Após quatro anos imparáveis, a correr este nosso pequeno, mas tão rico Portugal, em torno da música portuguesa nas suas mais variadas expressões, com mais de um milhar de projetos registados em mais de 1800 vídeos, depois de mais de uma dezena de documentários realizados e de ter vencido um prémio Megafone, de ver um disco editado pela NOS Discos e de manter um programa semanal na Antena 1, o realizador Tiago Pereira traz ao grande público a série documental “O Povo Que Ainda Canta”, desta feita em formato televisivo, para a RTP2. Não, não nos enganámos nos números. Há muita música neste país. Esta série de 26 episódios é uma produção da Música Portuguesa A Gostar Dela Própria (MPAGDP) e vai estrear no dia 8 de Janeiro de 2015, quinta-feira, às 22h45. Tome nota, para não esquecer um programa que, com toda a certeza, até o vai fazer recordar de cantares ouvidos na infância, de instrumentos que há tanto tempo não ouvia, músicas novas, composições desconhecidas… Uma viagem pelo que é nosso.

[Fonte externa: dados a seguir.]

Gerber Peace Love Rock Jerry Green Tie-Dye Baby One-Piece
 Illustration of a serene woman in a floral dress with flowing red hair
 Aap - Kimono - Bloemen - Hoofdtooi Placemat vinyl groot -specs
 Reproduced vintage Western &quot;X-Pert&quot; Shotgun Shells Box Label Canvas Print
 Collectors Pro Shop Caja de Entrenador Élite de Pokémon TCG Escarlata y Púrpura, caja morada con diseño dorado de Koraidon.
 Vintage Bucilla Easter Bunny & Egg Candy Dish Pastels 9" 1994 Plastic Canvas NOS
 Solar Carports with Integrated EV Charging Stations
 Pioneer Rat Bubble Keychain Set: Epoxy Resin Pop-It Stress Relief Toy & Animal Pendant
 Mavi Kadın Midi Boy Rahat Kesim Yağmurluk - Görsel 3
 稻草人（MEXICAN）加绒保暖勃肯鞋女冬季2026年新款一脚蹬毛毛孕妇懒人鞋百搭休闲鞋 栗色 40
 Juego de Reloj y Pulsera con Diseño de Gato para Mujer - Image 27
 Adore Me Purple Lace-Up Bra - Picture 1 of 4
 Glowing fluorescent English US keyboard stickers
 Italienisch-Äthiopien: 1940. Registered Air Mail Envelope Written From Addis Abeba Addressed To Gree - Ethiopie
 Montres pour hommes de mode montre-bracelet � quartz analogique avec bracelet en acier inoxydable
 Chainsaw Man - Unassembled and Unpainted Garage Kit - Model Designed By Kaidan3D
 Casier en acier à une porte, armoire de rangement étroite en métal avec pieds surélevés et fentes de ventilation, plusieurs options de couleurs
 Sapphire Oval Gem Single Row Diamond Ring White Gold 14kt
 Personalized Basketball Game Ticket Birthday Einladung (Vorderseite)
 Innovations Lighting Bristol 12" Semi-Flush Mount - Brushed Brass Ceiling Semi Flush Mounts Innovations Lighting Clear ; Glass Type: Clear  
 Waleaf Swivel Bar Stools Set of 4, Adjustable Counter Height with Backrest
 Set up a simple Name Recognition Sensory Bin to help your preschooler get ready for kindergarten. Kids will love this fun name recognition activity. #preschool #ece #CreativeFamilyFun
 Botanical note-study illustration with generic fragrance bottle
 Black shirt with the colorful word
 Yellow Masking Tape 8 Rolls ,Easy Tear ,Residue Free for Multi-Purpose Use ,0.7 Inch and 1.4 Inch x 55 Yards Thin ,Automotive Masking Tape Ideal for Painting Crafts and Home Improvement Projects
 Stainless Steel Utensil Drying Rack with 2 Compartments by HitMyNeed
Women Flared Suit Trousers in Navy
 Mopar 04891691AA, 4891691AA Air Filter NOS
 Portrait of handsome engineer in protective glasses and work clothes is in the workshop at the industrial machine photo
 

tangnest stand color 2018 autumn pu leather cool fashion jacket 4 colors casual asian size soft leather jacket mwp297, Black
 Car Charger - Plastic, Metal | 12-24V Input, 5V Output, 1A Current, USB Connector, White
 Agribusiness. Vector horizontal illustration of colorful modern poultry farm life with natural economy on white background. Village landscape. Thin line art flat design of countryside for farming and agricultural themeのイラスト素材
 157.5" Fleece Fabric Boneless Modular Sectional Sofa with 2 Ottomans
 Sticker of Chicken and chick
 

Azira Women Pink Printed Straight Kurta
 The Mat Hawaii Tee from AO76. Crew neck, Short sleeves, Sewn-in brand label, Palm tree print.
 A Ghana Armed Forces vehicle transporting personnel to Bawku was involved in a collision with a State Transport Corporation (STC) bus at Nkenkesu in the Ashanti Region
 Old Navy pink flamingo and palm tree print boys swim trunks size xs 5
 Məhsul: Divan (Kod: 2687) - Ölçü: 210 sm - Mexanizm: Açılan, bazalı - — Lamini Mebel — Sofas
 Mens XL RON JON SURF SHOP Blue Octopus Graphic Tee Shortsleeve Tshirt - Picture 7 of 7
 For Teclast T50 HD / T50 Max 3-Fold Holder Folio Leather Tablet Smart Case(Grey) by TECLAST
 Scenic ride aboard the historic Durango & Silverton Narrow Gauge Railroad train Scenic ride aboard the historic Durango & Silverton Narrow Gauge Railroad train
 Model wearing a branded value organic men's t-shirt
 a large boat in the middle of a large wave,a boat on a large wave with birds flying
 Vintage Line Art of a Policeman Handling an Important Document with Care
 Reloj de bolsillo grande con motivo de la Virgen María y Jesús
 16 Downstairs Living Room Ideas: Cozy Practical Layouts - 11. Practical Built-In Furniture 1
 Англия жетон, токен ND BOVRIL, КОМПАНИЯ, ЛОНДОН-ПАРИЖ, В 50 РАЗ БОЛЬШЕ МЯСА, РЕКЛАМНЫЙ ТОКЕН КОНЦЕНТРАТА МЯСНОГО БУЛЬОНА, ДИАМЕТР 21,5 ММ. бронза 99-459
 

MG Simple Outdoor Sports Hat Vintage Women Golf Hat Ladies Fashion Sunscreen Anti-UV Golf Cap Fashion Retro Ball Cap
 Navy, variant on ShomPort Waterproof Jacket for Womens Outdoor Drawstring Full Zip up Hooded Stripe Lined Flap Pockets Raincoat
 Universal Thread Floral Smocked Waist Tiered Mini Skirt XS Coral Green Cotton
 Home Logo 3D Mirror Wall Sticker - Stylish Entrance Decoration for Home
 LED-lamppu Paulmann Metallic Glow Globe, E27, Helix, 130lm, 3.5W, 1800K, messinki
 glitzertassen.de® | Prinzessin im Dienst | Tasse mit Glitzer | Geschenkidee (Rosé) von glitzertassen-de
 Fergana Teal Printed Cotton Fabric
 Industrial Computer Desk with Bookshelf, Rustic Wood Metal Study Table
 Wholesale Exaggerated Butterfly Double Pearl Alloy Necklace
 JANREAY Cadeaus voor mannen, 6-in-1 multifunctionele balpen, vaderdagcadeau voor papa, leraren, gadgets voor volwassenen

“O Povo Que Ainda Canta” surge na sequência dum trabalho extenso de realização de documentários que mostram várias facetas da música portuguesa através dos seus protagonistas. De norte a sul do país, Tiago Pereira e a equipa da MPAGDP partilham a criatividade dum povo que não quer ser esquecido, de um povo que sabe ser musical. Esta série documental, que é um trabalho, sem dúvida, de autor, está ligada a um canal de vídeos online que desde há 4 anos divulga práticas expressivas que se mantêm vivas, que não pertencem só ao passado e que têm sido registadas nos contextos onde acontecem, sem encenações. Pode parecer, quem sabe, algo fácil… Andar por aí, estrada acima, estrada abaixo, a fazer um levantamento do que temos, do que somos, musicalmente. Desengane-se. É dedicação, são horas de trabalho com afinco, são ideias concretizadas para criar um registo, bem detalhado, das nossas raízes. Foi Mogadouro, Dão-Lafões, Ribatejo, Gouveia, Baixo Minho, Baixo Alentejo, Douro, Porto ou Miranda, sem esquecer os arquipélagos da Madeira e Açores, entre outras regiões, e tantos outros territórios por onde passou e tem passado a MPAGDP e que são agora palco dos episódios de “O Povo Que Ainda Canta”, por entre milhares de quilómetros percorridos com o equipamento na bagagem.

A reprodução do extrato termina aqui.